Just to think about it in concrete terms for a moment, consider applying ⌈\d+⌋ to the string ‘123 • and • 456’. We know a normal application matches ‘123’, and instinct somehow tells us that a right-to-left application should match ‘456’. However, if the regex engine uses the semantics described at the end of the previous paragraph, where the only difference is the starting point of the transmission and the direction of the bump-along, the results may be surprising. In these semantics, the regex engine works normally (“looking” to the right from where it’s started), so the first attempt of ⌈\d+⌋, at ‘’, doesn’t match. The second attempt, at ‘’ does match, as the bump-along has placed it “looking at” the ‘6’, which certainly matches ⌈\d+⌋. So, we have a final match of only the final ‘6’.

One of .NET’s regex options is RegexOptions.RightToLeft. What are its semantics? The answer is: “that’s a good question.” The semantics are not documented, and my own tests indicate only that I can’t pin them down. In many cases, such as the ‘123 • and • 456’ example, it acts surprisingly intuitively (it matches ‘456’).

However, it sometimes fails to find any match, and at other times finds a match that seems to make no sense when compared with other results.

If you have a need for it, you may find that RegexOptions.RightToLeft seems to work exactly as you wish, but in the end, you use it at your own risk.

Backslash-digit ambiguities

When a backslash is followed by a number, it’s either an octal escape or a backreference. Which of the two it’s interpreted as, and how, depends on whether the RegexOptions.ECMAScript option has been specified. If you don’t want to have to understand the subtle differences, you can always use ⌈\k<num>⌋ for a backreference, or start the octal escape with a zero (e.g., ⌈\08⌋) to ensure it’s taken as one. These work consistently, regardless of RegexOptions.ECMAScript being used or not.

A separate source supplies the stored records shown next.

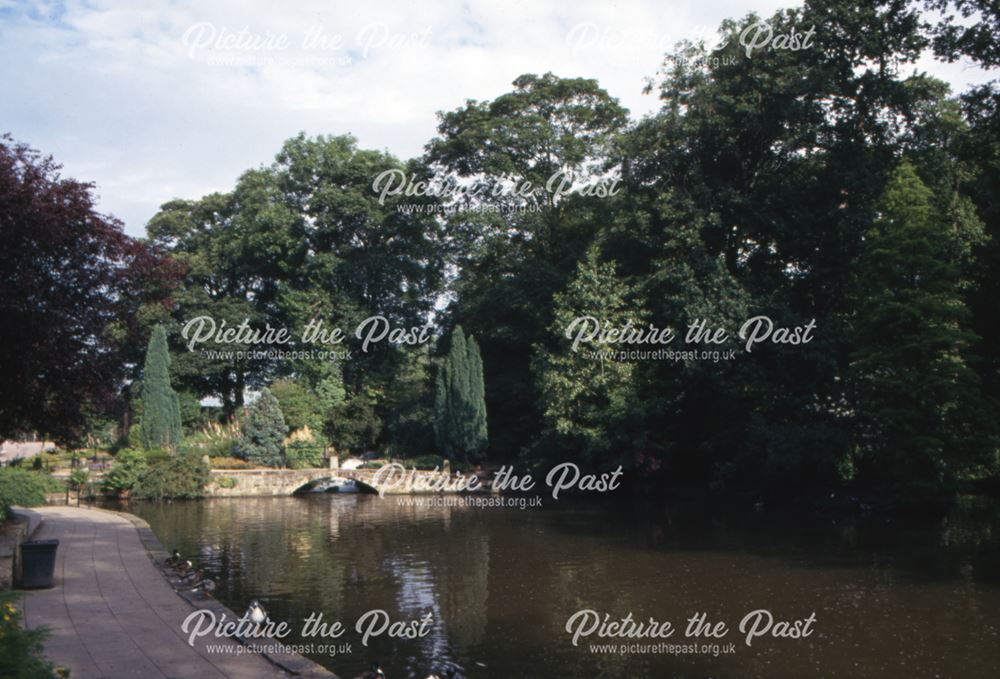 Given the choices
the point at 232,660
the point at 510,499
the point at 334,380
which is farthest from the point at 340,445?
the point at 232,660

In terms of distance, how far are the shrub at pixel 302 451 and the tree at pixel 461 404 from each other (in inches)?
211

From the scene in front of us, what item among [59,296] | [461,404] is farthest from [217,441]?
[59,296]

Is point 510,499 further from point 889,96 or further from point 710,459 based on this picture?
point 889,96

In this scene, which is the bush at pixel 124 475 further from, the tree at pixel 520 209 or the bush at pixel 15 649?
the bush at pixel 15 649

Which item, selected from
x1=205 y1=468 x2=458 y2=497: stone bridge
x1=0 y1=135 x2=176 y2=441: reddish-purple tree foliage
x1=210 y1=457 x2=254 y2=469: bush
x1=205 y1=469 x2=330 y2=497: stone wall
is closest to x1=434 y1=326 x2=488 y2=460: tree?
x1=205 y1=468 x2=458 y2=497: stone bridge

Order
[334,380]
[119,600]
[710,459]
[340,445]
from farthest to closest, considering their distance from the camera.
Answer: [334,380], [340,445], [710,459], [119,600]

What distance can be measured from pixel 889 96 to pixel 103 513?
27587mm

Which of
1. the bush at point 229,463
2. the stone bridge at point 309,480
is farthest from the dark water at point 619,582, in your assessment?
the bush at point 229,463

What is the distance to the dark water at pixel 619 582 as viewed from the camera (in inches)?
407

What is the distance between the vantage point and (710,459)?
3105 centimetres

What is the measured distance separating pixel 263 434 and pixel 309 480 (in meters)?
3.51

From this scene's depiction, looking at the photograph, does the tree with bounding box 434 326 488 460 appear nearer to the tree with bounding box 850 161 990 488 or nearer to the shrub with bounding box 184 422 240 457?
the shrub with bounding box 184 422 240 457

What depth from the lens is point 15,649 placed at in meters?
5.25

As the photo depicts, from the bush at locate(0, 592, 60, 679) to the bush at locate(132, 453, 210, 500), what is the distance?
79.2 ft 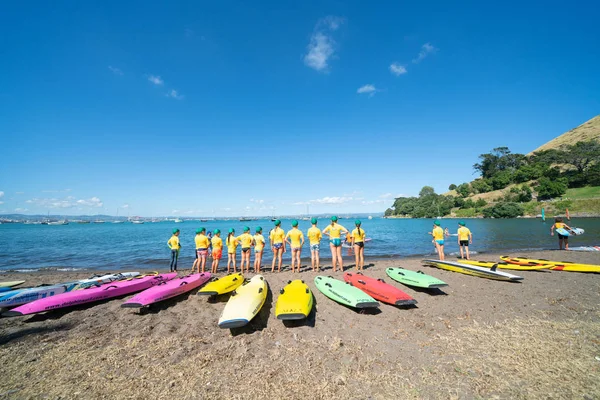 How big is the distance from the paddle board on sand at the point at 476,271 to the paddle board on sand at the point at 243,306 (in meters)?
9.09

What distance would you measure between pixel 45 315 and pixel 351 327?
878cm

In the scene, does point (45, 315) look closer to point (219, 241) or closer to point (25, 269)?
point (219, 241)

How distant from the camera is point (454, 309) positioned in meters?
7.13

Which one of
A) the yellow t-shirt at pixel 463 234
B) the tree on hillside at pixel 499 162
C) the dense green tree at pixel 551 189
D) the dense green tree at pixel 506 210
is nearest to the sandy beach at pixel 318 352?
the yellow t-shirt at pixel 463 234

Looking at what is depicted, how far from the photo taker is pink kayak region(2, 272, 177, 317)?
6.61 meters

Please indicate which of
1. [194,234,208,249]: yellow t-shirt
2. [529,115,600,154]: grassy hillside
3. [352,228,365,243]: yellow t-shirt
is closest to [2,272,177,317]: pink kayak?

If RegexOptions.ECMAScript is not used, single-digit escapes from ⌈\1⌋ through ⌈\9⌋ are always backreferences, and an escaped number beginning with zero is always an octal escape (e.g., ⌈\012⌋ matches an ASCII linefeed character). If it’s not either of these cases, the number is taken as a backreference if it would “make sense” to do so (i.e., if there are at least that many capturing parentheses in the regex). Otherwise, so long as it has a value between \000 and \377, it’s taken as an octal escape. For example, ⌈\12⌋ is taken as a backreference if there are at least 12 sets of capturing parentheses, or an octal escape otherwise.

The semantics for when RegexOptions.ECMAScript is specified is described in the next section.

ECMAScript mode

ECMAScript is a standardized version of JavaScript^† with its own semantics of how regular expressions should be parsed and applied. A .NET regex attempts to mimic those semantics if created with the RegexOptions.ECMAScript option. If you don’t know what ECMAScript is, or don’t need compatibility with it, you can safely ignore this section.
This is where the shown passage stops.